Jason will be purged for providing me with this link, come the Revolution. Purged for being the kulak burgoisie capitalist exploiter of peaceful working rabbits that he is.
On the subject of that whole "Know Your Roots" thing, and I have no idea why I'm bringing this up now, but:

Yes, I'm about 3 in that picture. And, uh, wow. There's been carpet on that floor for a long time now.
Also:

I'm still about 3. And that door is still my desk.
And this isn't exactly about knowing your roots, but it prompted the whole photo album trip:

Obviously I was enjoying breakfast.
And not that this bears any relation to anything at all, but:

They tell me it was pretty good, actually.
Also, there are a distressing number of pictures of me in nauseatingly awful 80s clothes. In fact, everyone else is wearing nauseatingly awful 80s clothes too. I sense a conspiracy...
Because, well, I can't sleep. So instead of laying around in bed going "Dude, this totally sucks" a lot, I figured I'd do something useful, like blog.
So Regina's silly little quiz (you can find my answers somewhere in the comments) got me thinking, funnily enough, about, well, what IS my favorite book?
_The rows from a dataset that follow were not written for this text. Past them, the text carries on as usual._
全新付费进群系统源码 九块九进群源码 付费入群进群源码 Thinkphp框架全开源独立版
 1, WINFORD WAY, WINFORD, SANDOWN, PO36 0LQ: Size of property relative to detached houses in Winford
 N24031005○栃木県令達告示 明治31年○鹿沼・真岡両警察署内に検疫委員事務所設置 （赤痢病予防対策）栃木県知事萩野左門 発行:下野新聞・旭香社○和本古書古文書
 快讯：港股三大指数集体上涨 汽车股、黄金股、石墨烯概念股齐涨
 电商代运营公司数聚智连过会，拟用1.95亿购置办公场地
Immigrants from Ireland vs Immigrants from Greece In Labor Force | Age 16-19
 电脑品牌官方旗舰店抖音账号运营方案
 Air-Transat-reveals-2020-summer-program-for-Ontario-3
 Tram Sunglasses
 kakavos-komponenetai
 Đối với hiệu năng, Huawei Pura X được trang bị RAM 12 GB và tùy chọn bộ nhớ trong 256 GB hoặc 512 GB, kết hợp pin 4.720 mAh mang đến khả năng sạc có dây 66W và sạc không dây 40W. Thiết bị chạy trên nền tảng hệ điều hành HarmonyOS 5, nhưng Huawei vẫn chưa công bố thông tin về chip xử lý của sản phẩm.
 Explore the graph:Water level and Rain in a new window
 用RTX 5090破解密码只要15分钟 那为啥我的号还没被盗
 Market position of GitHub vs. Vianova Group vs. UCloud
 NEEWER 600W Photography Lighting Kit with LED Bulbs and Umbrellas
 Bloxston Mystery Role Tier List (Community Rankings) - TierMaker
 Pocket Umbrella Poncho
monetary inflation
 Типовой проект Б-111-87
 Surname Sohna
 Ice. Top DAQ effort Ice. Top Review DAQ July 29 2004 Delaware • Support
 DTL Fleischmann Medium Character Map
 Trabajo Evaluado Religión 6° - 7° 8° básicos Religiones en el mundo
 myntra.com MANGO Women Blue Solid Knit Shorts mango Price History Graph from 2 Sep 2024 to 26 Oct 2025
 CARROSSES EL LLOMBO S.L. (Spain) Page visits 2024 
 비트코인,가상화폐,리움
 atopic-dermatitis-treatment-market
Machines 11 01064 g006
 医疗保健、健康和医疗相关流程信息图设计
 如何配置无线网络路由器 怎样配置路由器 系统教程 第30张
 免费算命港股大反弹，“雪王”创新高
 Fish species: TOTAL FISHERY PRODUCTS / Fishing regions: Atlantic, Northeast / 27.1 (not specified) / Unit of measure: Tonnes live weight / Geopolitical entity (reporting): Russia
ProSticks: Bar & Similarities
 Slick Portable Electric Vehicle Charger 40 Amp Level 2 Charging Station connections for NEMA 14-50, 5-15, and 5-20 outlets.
And while I ended up saying something like what Regina said, namely that there are way too many to list, the thought hasn't gone away, and I think it's interesting enough to post about. If not about my favorites, then at least the most influential, which may be one and the same.
The first book I can remember reading is James Clavell's Shogun, and this would've been, I dunno, 2nd or 3rd grade. I may have been all of 8 at the time when I snagged my parents' copy of it. It wasn't my first exposure to the story, really, as I have memories of watching the miniseries at some appropriately low single-digit number like 4, but the book is really what made me utterly fascinated with fuedal Japan, though oddly enough I didn't really persue the thing until college and an assorted four East Asian history classes. Shogun, for the record, was the first of a handful of books I've read so many times that the book disintegrated on me.
The second major book of my childhood is Alex Haley's Roots, which I suppose I started about the same time as Shogun. While it was my first exposure to such things as slavery in the American South and race relations, Roots was also a fantastic and easy to follow adventure story, and I took to it immediately. If I haven't exactly worn the book to death, it is perhaps on its last legs, courtesy of my reading it and Shogun 2-4 times a year for at least 5 years.
I was always fascinated by war and warfare. I have no idea why that came about, perhaps it's just one of those things boys go through, but it's never quite left me behind. We played with a lot of GI Joes and pirate Legos and such back in the day, and I have a very vivid memory of being in 2nd grade, running around and playing war in the back field of the school with such fervor that literally the entire school joined in. 'Twas great fun. In any case, as my reading progressed, I naturally started reading military-themed books, specifically a certain variety of short paperback histories of various World War II campaigns that got sold in supermarkets in the late '80s. The one I remember best is a memoir of a Japanese-held POW called Give Us This Day, which I can remember reading during recess one day in 5th grade. The other big one was The Navy's Fliers of World War II, which contained a wide variety of stories about guys doing fun things in aircraft, and upon getting shot down, had exciting adventures in life rafts and with cannibals and such things. Great fun for a 10 year old boy, though I imagine not so much for the pilot at the time. But this leads us to a third book, The Time-Life Atlas of the Second World War. It was either this book or my Rand McNally Atlas of the World that turned me into a map junkie. I remember tracing maps out of the second just for kicks, and following the flow of the greatest struggle of the modern age in the first. I loved how I could somehow look at a map and transport myself to some other place, as if suddenly Rommel's Afrika Korps was racing across the desert in my living room. Also, it was a great way to kill time in school. Grade school was terribly dull. (Too, I had this gigantic fixation on the AK for a while. I used to draw the little palm tree and swastika symbol on my little toy trucks and such. Then we started figuring out that the Nazis weren't such nice folks.)
The last of childhood's great non-fiction works was, well, the 1979 edition of Encyclopedia Britannica, which still takes up an entire cabinet downstairs. Once I figured out that it could answer lots and lots of questions, I started reading it all the time. Sometimes I'd just open up bits of it and start reading at random for a few hours. I still do this when reading encyclopedias and when researching for things, which gets me in trouble, but sure is interesting.
On a rather more fictional note, I can't remember when I first read Lynne Ried Banks' The Indian in the Cupboard, but the idea has stayed with me since then. Little English kid finds a cupboard that will transform anything plastic, like, say, plastic soldiers or indians and cowboys, into real miniature little people who once lived. That's cool. That's still cool. Why do I read things like Island in the Sea of Time now? Blame this.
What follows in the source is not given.